The first objective is to gain generous contributions. The amount per donator, ration between new donators and new contacts (collection rate) and the total amount of the donators and contributions are ways to measure how this aspect is doing. Incentives for the staff should also be incorporated into these objectives, especially ones that steer the process towards multi-year support programs.
To measure the board involvement and recruitment, it is important that the reputation of the new board member is blameless and since operating in Boston, a local person with strong ties to the community would be better. To measure involvement the easiest way is to look the member’s activity, how many times they’ve been in meetings and how they’ve acted to build strategy. For example number of new initiatives. Also hours spent educating the board members about strategy and vision could be one measurement.
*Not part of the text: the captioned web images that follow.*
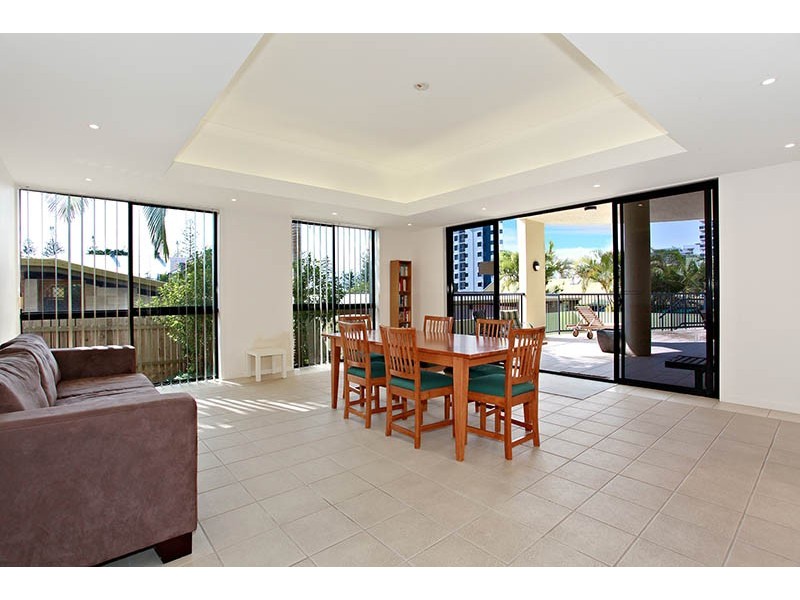 19/3 Rock Street, Scarborough QLD 4020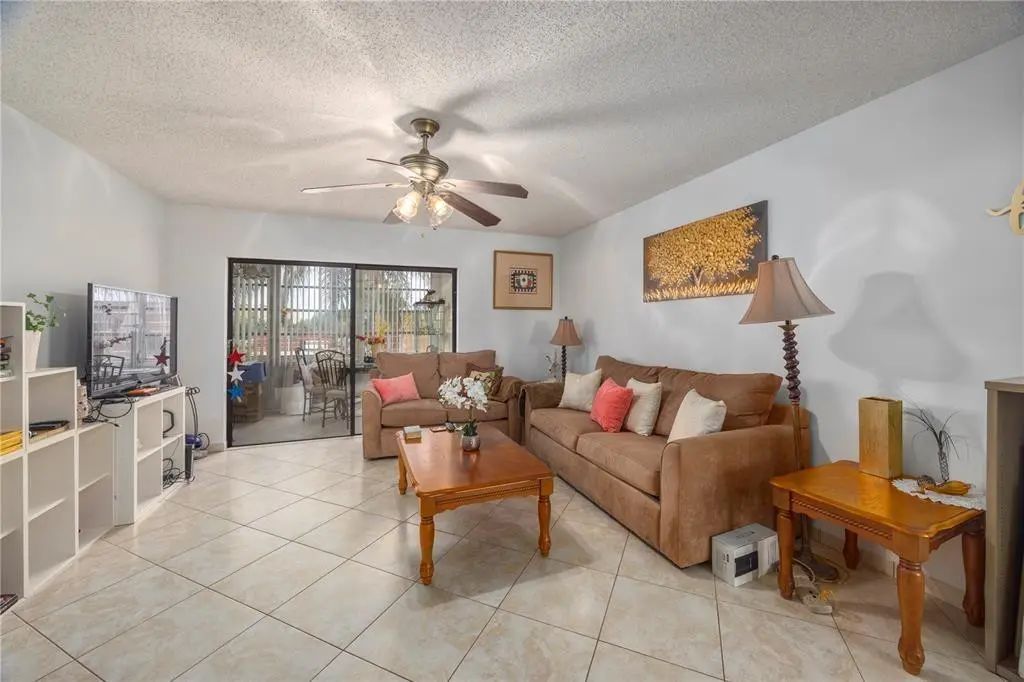 3990 Nw 42nd Avenue #311, Lauderdale Lakes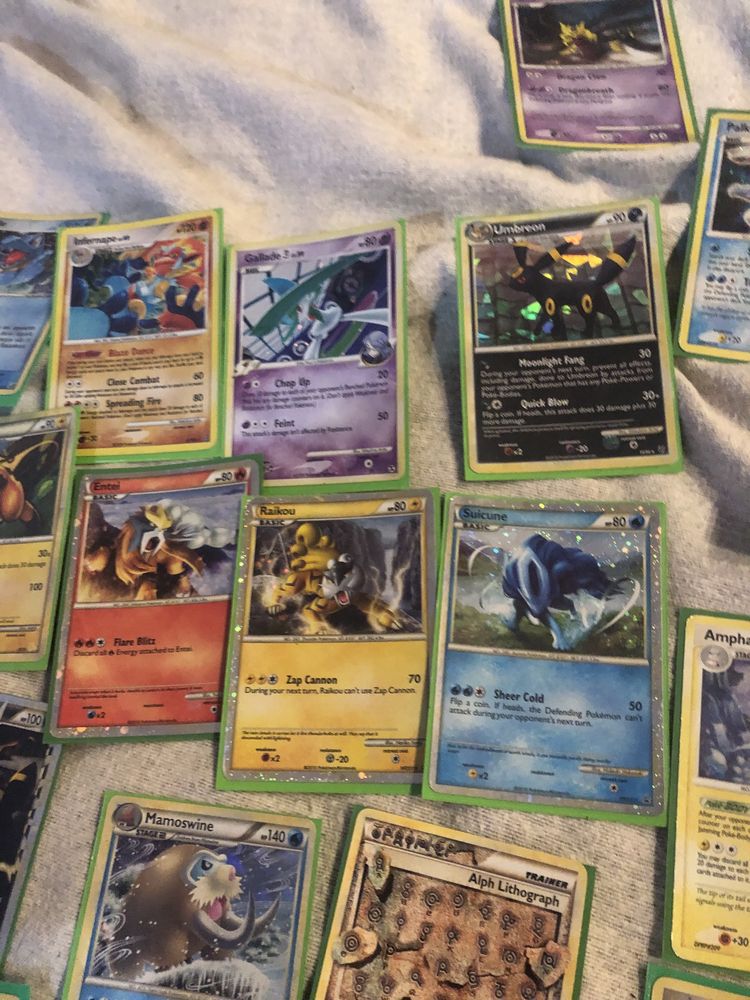 Diversas Cartas pokemon a venda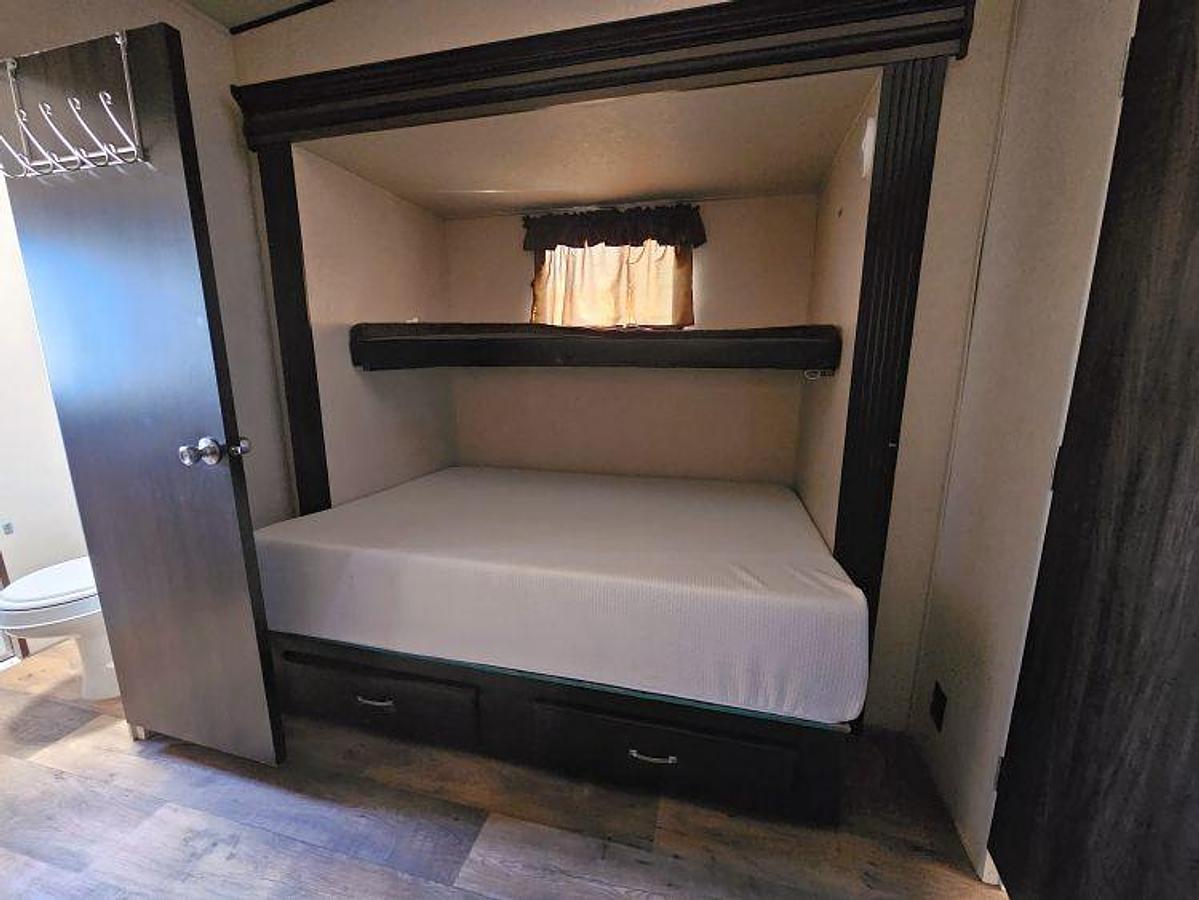 Used 2018 FOREST RIVER SALEM HEMISPHERE 356QB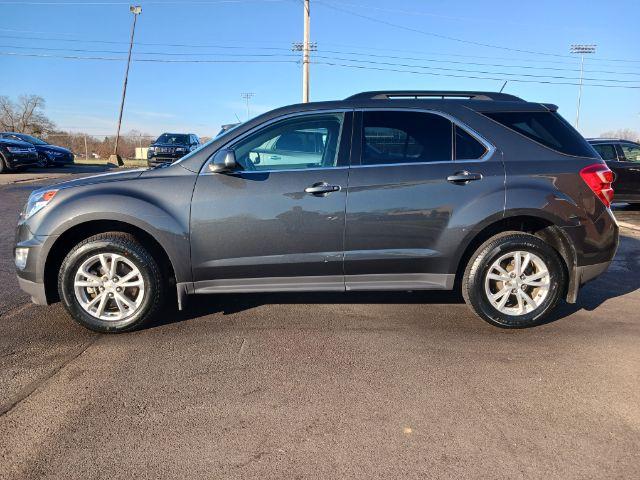 2017 Patriot Blue Metallic Chevrolet Equinox LT AWD (2GNFLFEK9H6) with an 2.4L L4 DOHC 16V FFV engine, 6-Speed Automatic transmission, located at 4508 South Dixie Dr, Moraine, OH, 45439, (937) 908-9800, 39.689976, -84.218452 - Photo #6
Building an artistic reputation is hard and so is measuring it. Reviews on papers give a sight how the opera is doing, but the best way to know is to make a consumer survey for example once a month. Also comparing the growth in visitors between BLO and other operas gives an idea. Rating different aspects is another way to measure the artistic view. Giving value for example to the lead singer or the orchestra will help to understand how the opera is doing on its main field. These measures aren’t very proactive though, but helpful anyway.
One objective is to launch a residency program. Its success can be measured by the amount of acceptances to invites and by comparing the audience amounts to normal.
Like when measuring artistic reputation, the best way to measure how exciting and diverse opera’s repertories are is to see reviews and audience amounts. The grading system works when the given grades are compared to the rivals’ same grades and the shows are compared. These are of course not proactive measures.